Она задумалась, и он ей не мешал. Она улыбнулась, поведя плечом, как-то судорожно, неловко, он уже заметил у неё это движение, и оно сразу показалось ему завидно бесхитростным.
— Эпикур сказал, что смерти вообще нет. Мы но чувствуем её, пока живы, а уж потом и совсем ничего не чувствуем. Чувствуешь чужую смерть. Ну, давайте выпьем, чтобы всё было хорошо, — сказала она.
Постепенно к ним вернулось прежнее состояние радости, ставшей ещё дороже. И ещё немного погодя Оля опять смеялась, заставляя беспричинно улыбаться официантку, подходившую к ним, и ещё громче смеялась, потому что оркестр надрывался, и ему нравилось, как вовсю старались молодые женщины, побуждая её смеяться громче.
Когда уходили, она попросила:
— Подарите мне огурец. Можно?
Официантка принесла огурец, длинный, как палка, он выглядел неправдоподобно. А она оробела, стала серьёзной.
— Ой, я бессовестная! Наверно, это дорого?
А оказалось совсем недорого.
— Какой зелёный, — сказала она. — Даже жалко заворачивать в бумагу.
— Вы его напишете? Натюрморт?
— Нет, — ответила она. — Я его съем.
В ту пору она писала картину. «На тему эмансипации», — как шутила сама. Дочь отставного артиллерийского генерала уходила из дому — учиться. Сдвинув брови, девушка в длинном платье застыла у полуоткрытой двери. В руке держала связку книг. Генерал сидел за столом в расстёгнутом мундире, опустив гневные глаза и положив на стол маленькие и от этого особенно злые кулаки. Мать сгорбилась в кресле, уткнувшись в платок.
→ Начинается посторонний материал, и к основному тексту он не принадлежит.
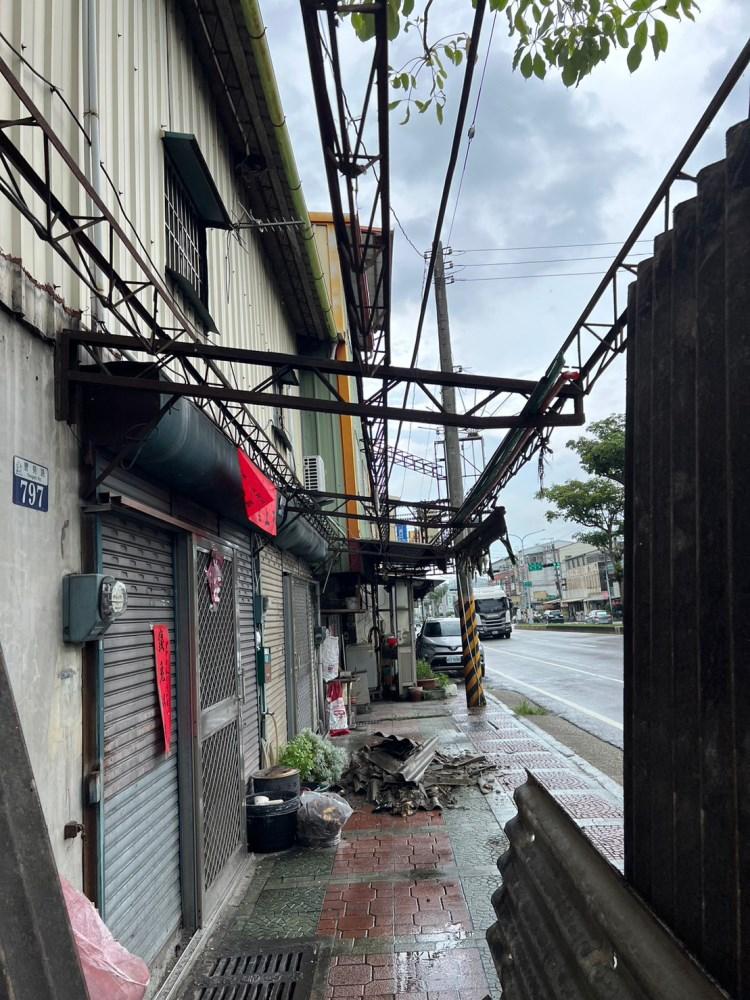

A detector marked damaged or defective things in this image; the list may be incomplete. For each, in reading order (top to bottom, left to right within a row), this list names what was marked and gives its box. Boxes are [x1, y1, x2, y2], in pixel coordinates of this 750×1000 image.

pile of broken asbestos sheet [342, 732, 500, 816]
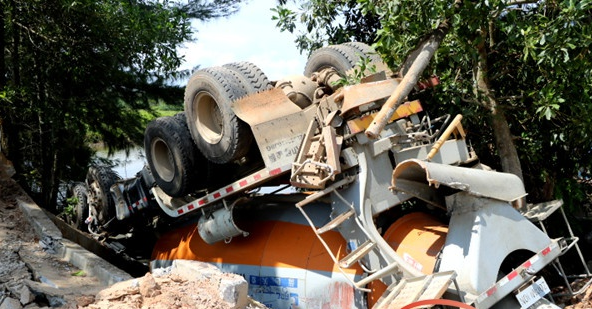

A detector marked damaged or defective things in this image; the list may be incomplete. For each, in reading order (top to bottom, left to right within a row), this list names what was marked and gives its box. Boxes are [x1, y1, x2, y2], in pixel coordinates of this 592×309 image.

overturned concrete mixer truck [71, 42, 588, 306]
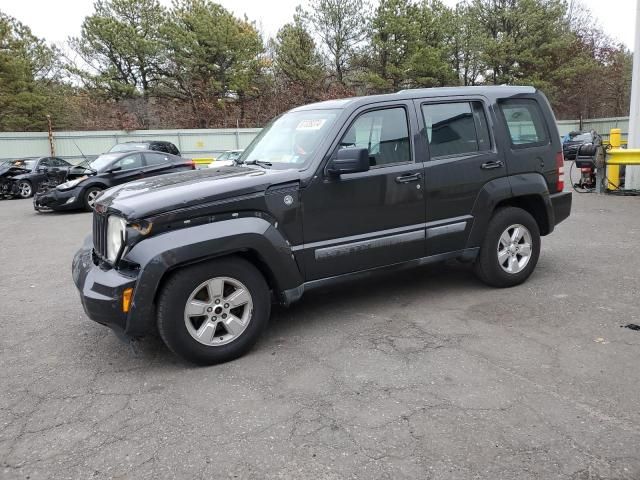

Картина была в шоколадных тонах, свет падал из окна, полосой, до самой двери, задевая генеральские погоны и голову матери и касаясь ног девушки в высоких, туго зашнурованных ботинках. Лица были живые, всё читалось на них — и тяжёлая властность, и бессилие, и решимость. И в самой манере угадывалось время, не требовалось ни пояснений, ни даже названья. Он и сказал об этом. Она по-своему пожала плечом.
— Не знаю, хорошо это или плохо, но я передвижница.
Она устало присела на крохотную табуретку, прикрыв колени полами радужного от красок халата. Халат у неё был как палитра. Не желая отрываться от мольберта, вытирала кисти прямо о халат.